** Given information follows **

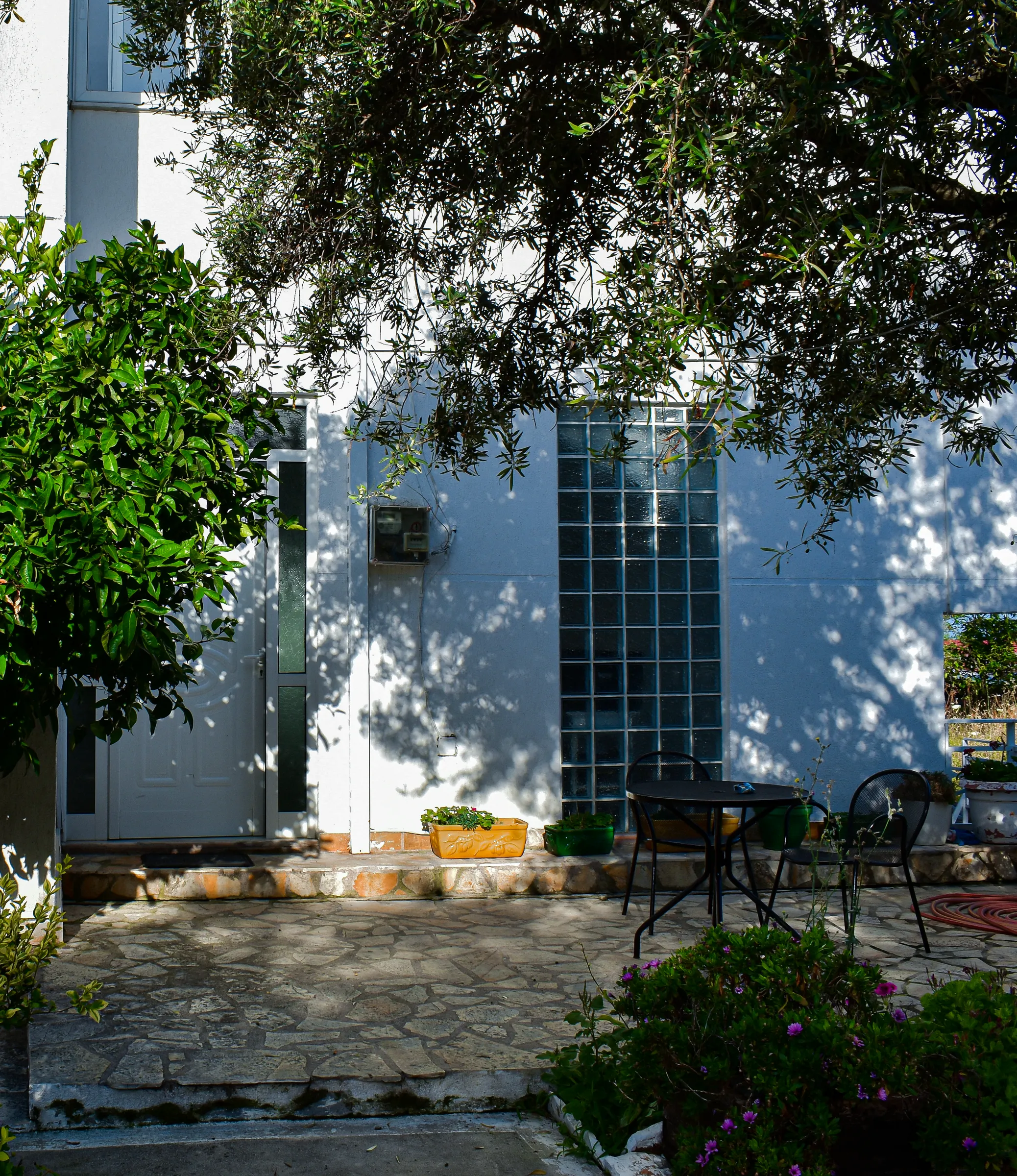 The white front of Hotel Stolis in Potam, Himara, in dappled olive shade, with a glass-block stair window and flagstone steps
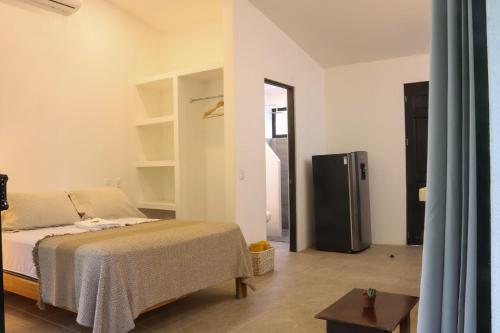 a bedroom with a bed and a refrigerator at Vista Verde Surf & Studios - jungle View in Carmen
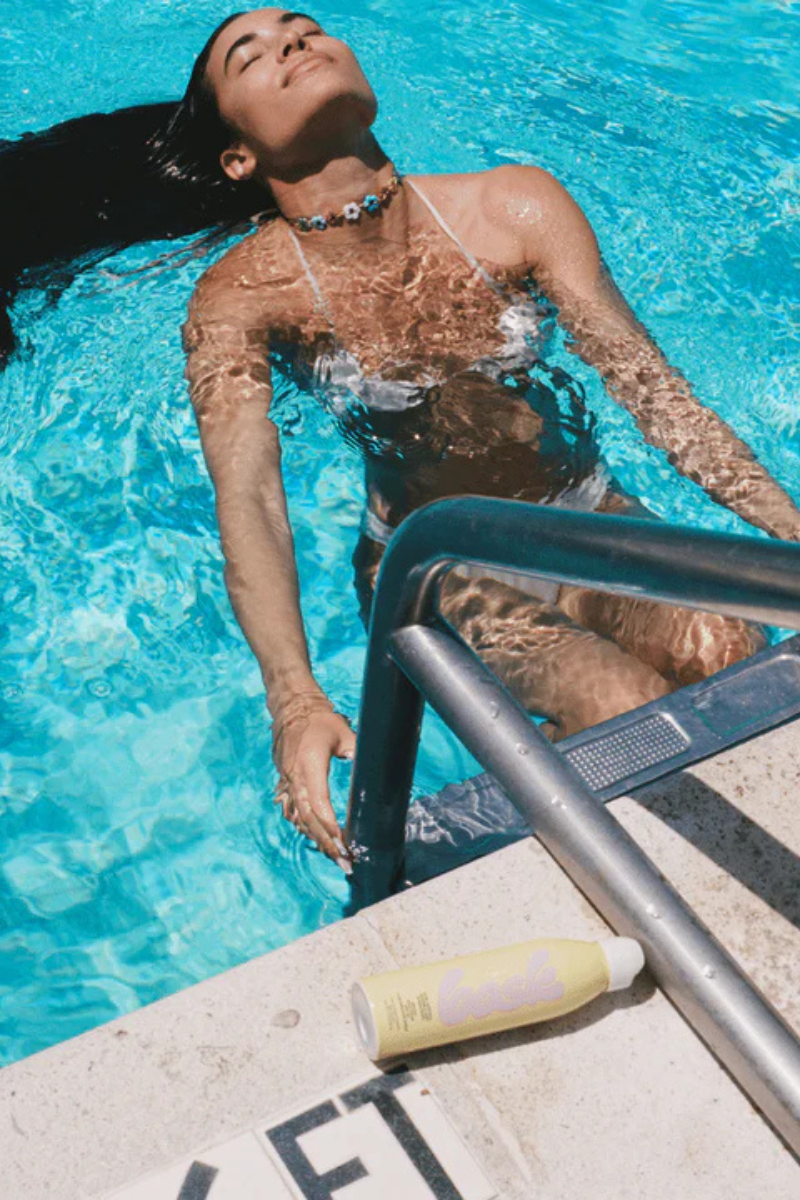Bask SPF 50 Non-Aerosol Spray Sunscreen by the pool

** End of Given information **

Task goal: Print every line above exactly. Leave the pictures out.

Worked solution:
 The white front of Hotel Stolis in Potam, Himara, in dappled olive shade, with a glass-block stair window and flagstone steps
 a bedroom with a bed and a refrigerator at Vista Verde Surf & Studios - jungle View in Carmen
Bask SPF 50 Non-Aerosol Spray Sunscreen by the pool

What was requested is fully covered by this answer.